Exactly as written, transcribe each record below.

##### PROVIDED DATA #####

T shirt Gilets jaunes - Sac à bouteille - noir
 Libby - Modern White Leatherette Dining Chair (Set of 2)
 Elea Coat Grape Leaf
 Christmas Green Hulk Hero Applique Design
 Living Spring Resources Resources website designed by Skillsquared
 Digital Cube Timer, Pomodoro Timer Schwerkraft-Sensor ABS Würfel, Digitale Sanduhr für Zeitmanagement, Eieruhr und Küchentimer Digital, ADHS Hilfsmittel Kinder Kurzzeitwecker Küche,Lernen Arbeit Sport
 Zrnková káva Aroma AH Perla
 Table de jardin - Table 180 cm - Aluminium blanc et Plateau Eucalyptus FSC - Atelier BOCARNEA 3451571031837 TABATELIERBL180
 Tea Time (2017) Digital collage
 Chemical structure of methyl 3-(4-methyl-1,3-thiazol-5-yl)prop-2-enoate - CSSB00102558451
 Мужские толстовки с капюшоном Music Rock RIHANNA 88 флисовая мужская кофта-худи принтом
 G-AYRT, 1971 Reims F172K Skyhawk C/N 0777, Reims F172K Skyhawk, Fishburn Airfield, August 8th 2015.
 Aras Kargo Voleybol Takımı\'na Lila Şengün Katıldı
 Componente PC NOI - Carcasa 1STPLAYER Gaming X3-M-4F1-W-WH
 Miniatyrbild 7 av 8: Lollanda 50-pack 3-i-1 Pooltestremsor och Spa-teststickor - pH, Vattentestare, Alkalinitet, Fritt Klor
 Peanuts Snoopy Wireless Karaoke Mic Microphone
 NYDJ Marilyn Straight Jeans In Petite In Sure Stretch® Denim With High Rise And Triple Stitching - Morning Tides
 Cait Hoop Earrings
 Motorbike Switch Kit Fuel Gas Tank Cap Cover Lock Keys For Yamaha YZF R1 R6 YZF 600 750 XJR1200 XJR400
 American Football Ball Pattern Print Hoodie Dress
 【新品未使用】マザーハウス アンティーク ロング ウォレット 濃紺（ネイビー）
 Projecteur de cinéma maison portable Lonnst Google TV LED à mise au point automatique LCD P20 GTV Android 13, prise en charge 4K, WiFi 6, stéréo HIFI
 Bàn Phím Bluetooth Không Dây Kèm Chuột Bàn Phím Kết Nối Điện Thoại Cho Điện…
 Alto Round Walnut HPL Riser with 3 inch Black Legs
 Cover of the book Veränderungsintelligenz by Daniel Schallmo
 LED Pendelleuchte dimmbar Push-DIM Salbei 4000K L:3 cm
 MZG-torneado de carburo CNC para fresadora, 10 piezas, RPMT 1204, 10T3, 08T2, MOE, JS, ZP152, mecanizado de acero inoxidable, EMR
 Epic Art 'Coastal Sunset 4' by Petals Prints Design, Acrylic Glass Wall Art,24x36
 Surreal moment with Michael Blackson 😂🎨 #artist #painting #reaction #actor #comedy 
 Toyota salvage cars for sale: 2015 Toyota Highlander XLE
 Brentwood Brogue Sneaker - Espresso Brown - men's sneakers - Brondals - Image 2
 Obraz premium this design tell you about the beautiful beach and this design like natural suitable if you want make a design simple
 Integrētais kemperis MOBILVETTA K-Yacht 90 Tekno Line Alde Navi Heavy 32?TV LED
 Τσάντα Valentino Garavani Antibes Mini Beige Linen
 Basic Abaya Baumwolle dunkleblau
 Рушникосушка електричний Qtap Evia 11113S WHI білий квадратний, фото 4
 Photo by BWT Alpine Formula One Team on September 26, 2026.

#####

◆ ANSWER SPACE ◆
T shirt Gilets jaunes - Sac à bouteille - noir
 Libby - Modern White Leatherette Dining Chair (Set of 2)
 Elea Coat Grape Leaf
 Christmas Green Hulk Hero Applique Design
 Living Spring Resources Resources website designed by Skillsquared
 Digital Cube Timer, Pomodoro Timer Schwerkraft-Sensor ABS Würfel, Digitale Sanduhr für Zeitmanagement, Eieruhr und Küchentimer Digital, ADHS Hilfsmittel Kinder Kurzzeitwecker Küche,Lernen Arbeit Sport
 Zrnková káva Aroma AH Perla
 Table de jardin - Table 180 cm - Aluminium blanc et Plateau Eucalyptus FSC - Atelier BOCARNEA 3451571031837 TABATELIERBL180
 Tea Time (2017) Digital collage
 Chemical structure of methyl 3-(4-methyl-1,3-thiazol-5-yl)prop-2-enoate - CSSB00102558451
 Мужские толстовки с капюшоном Music Rock RIHANNA 88 флисовая мужская кофта-худи принтом
 G-AYRT, 1971 Reims F172K Skyhawk C/N 0777, Reims F172K Skyhawk, Fishburn Airfield, August 8th 2015.
 Aras Kargo Voleybol Takımı\'na Lila Şengün Katıldı
 Componente PC NOI - Carcasa 1STPLAYER Gaming X3-M-4F1-W-WH
 Miniatyrbild 7 av 8: Lollanda 50-pack 3-i-1 Pooltestremsor och Spa-teststickor - pH, Vattentestare, Alkalinitet, Fritt Klor
 Peanuts Snoopy Wireless Karaoke Mic Microphone
 NYDJ Marilyn Straight Jeans In Petite In Sure Stretch® Denim With High Rise And Triple Stitching - Morning Tides
 Cait Hoop Earrings
 Motorbike Switch Kit Fuel Gas Tank Cap Cover Lock Keys For Yamaha YZF R1 R6 YZF 600 750 XJR1200 XJR400
 American Football Ball Pattern Print Hoodie Dress
 【新品未使用】マザーハウス アンティーク ロング ウォレット 濃紺（ネイビー）
 Projecteur de cinéma maison portable Lonnst Google TV LED à mise au point automatique LCD P20 GTV Android 13, prise en charge 4K, WiFi 6, stéréo HIFI
 Bàn Phím Bluetooth Không Dây Kèm Chuột Bàn Phím Kết Nối Điện Thoại Cho Điện…
 Alto Round Walnut HPL Riser with 3 inch Black Legs
 Cover of the book Veränderungsintelligenz by Daniel Schallmo
 LED Pendelleuchte dimmbar Push-DIM Salbei 4000K L:3 cm
 MZG-torneado de carburo CNC para fresadora, 10 piezas, RPMT 1204, 10T3, 08T2, MOE, JS, ZP152, mecanizado de acero inoxidable, EMR
 Epic Art 'Coastal Sunset 4' by Petals Prints Design, Acrylic Glass Wall Art,24x36
 Surreal moment with Michael Blackson 😂🎨 #artist #painting #reaction #actor #comedy 
 Toyota salvage cars for sale: 2015 Toyota Highlander XLE
 Brentwood Brogue Sneaker - Espresso Brown - men's sneakers - Brondals - Image 2
 Obraz premium this design tell you about the beautiful beach and this design like natural suitable if you want make a design simple
 Integrētais kemperis MOBILVETTA K-Yacht 90 Tekno Line Alde Navi Heavy 32?TV LED
 Τσάντα Valentino Garavani Antibes Mini Beige Linen
 Basic Abaya Baumwolle dunkleblau
 Рушникосушка електричний Qtap Evia 11113S WHI білий квадратний, фото 4
 Photo by BWT Alpine Formula One Team on September 26, 2026.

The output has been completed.